• PROBLEM STATEMENT
After locating the line that contains "Steep jagged spikes" in the data below, set down exactly that line and each one after it through the line that contains "A bright hotel room overlooking the sea", and nothing more.

BEGIN SOURCE DATA

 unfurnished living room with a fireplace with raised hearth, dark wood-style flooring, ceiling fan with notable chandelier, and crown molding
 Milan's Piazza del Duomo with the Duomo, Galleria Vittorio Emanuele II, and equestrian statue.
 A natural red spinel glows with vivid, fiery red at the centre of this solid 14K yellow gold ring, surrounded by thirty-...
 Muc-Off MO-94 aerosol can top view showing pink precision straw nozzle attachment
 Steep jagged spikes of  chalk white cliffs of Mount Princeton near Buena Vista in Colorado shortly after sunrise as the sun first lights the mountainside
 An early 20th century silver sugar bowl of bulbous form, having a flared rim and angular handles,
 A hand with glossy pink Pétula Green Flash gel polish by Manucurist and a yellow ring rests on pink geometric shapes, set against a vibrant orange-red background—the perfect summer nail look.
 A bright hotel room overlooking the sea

END SOURCE DATA
BEGIN SOURCE DATA

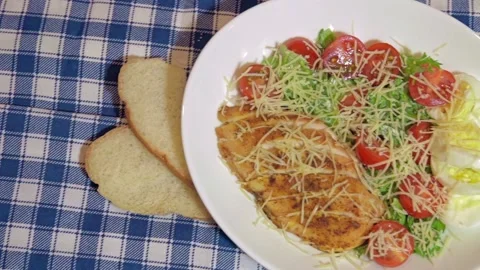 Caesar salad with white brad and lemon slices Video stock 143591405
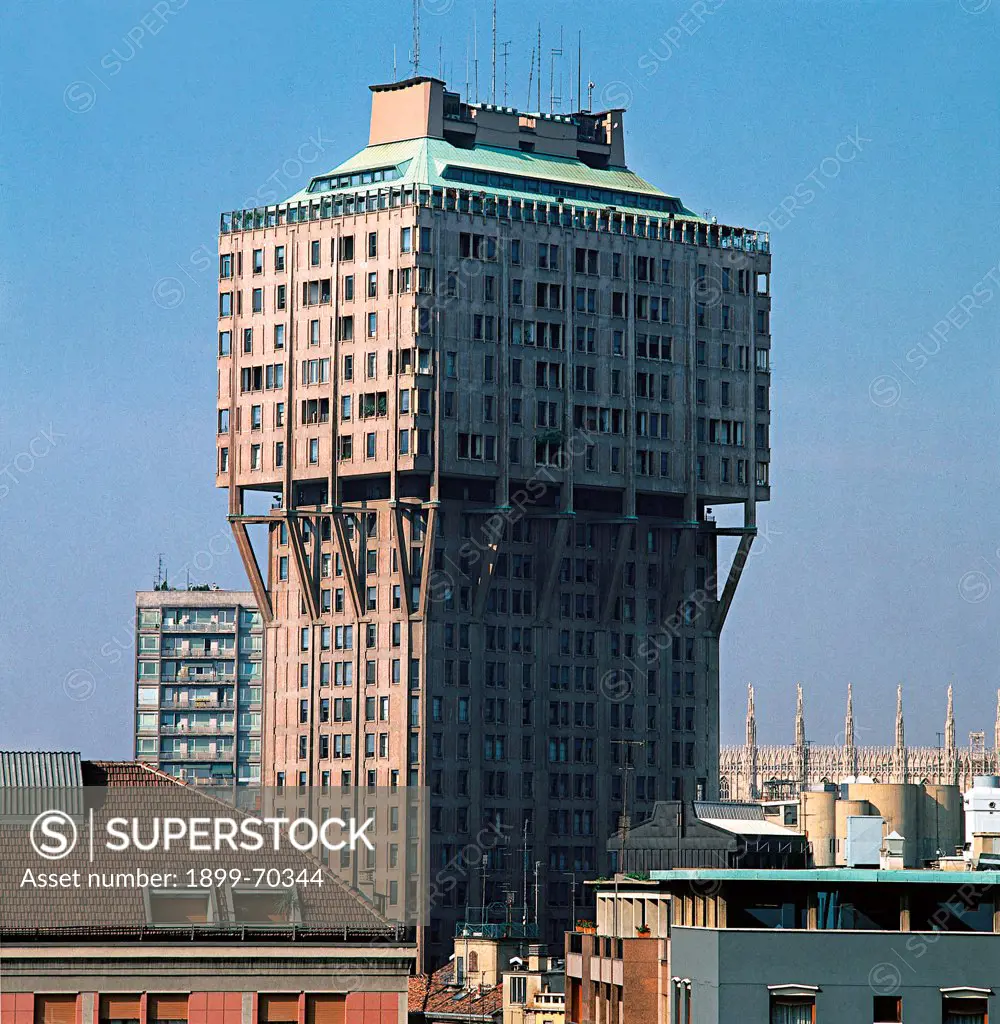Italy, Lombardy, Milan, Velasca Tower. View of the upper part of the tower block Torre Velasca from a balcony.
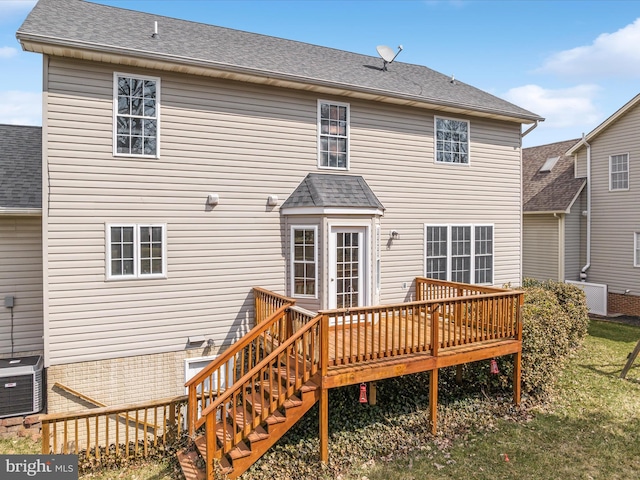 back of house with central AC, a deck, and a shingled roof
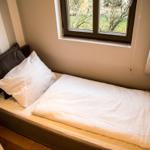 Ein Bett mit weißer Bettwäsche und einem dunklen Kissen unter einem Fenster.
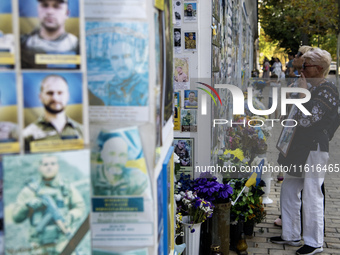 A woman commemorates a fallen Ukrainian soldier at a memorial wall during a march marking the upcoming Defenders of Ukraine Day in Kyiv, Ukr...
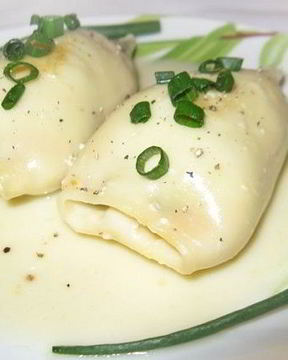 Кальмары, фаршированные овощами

END SOURCE DATA

• TASK SOLUTION
 Steep jagged spikes of  chalk white cliffs of Mount Princeton near Buena Vista in Colorado shortly after sunrise as the sun first lights the mountainside
 An early 20th century silver sugar bowl of bulbous form, having a flared rim and angular handles,
 A hand with glossy pink Pétula Green Flash gel polish by Manucurist and a yellow ring rests on pink geometric shapes, set against a vibrant orange-red background—the perfect summer nail look.
 A bright hotel room overlooking the sea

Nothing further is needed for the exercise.